The answer must consist solely of the lines from the line with "Love Wins Patch auf blauer Jeans" to the final line of the data below, reproduced exactly, pictures omitted.

(Data records)
== Segment start ==
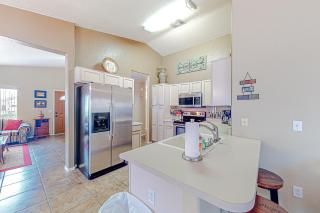 Local Living in Apache Junction - Apache Junction - 2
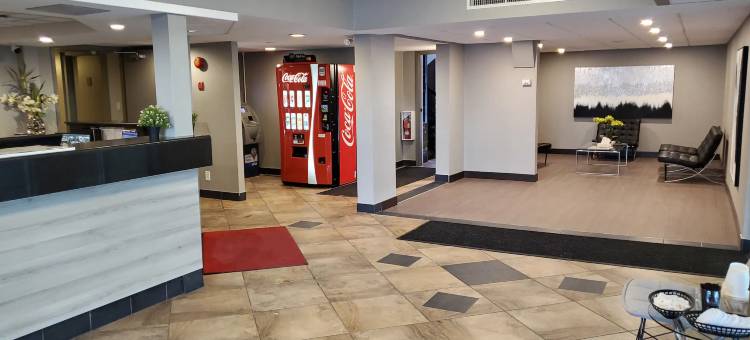 卡尔加里温德姆速8麦克雷德小道酒店(Super 8 by Wyndham Macleod Trail Calgary)图片
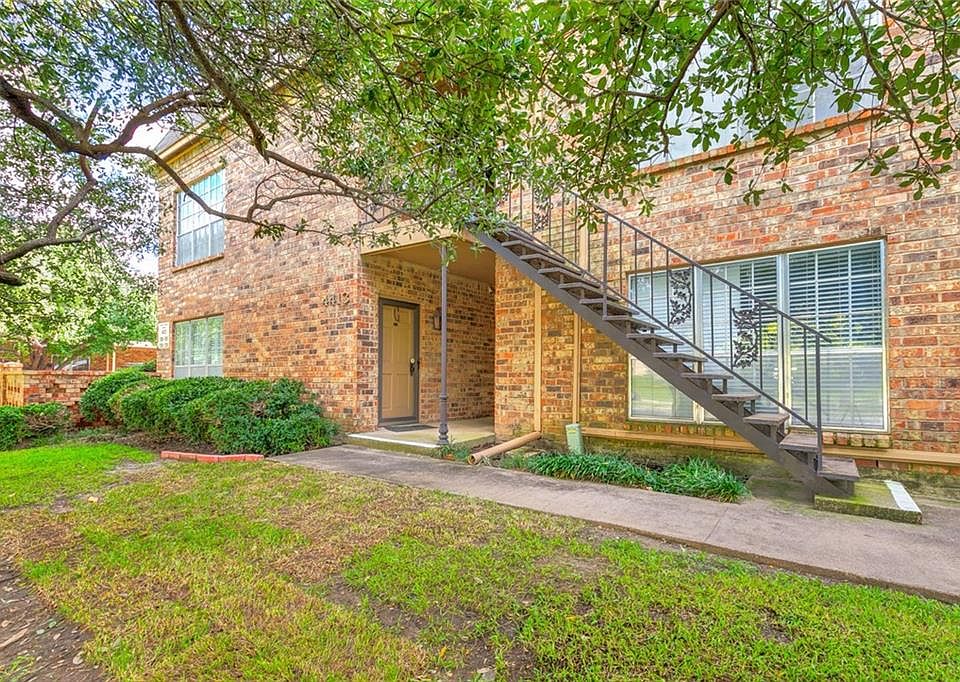 1st image of 4413 Bellaire Dr S APT 209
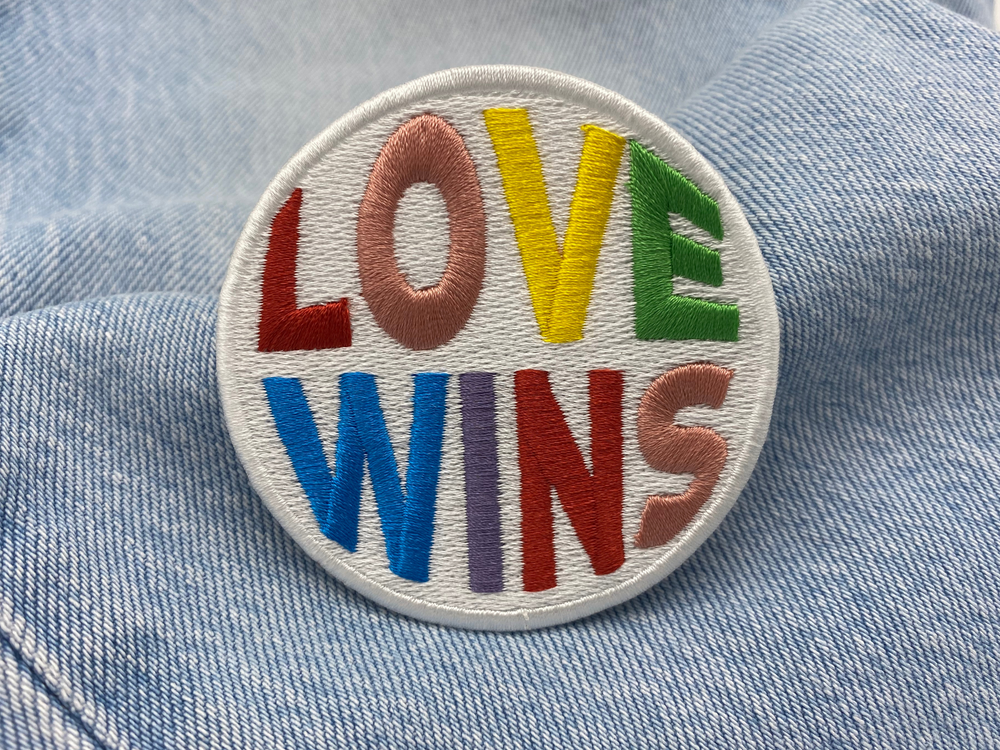 Love Wins Patch auf blauer Jeans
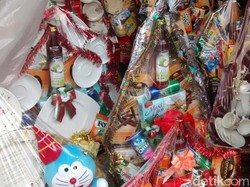 Pedagang Parsel Heran Penjualan Tahun Ini Sepi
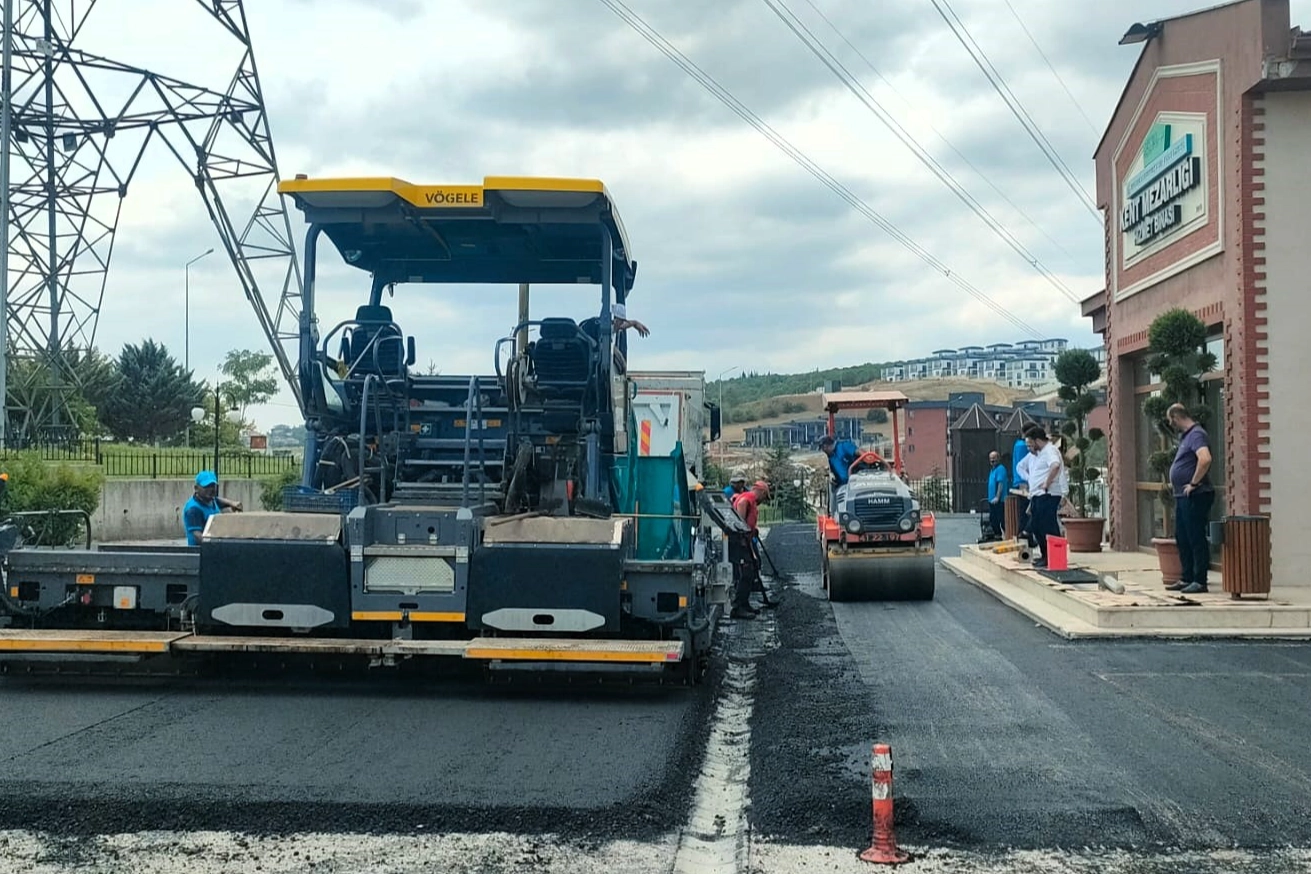 Kocaeli Mezarlığı’na Modern Asfalt Düzenlemesi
== Segment end ==
RESULT FOR THIS EXERCISE
 Love Wins Patch auf blauer Jeans
 Pedagang Parsel Heran Penjualan Tahun Ini Sepi
 Kocaeli Mezarlığı’na Modern Asfalt Düzenlemesi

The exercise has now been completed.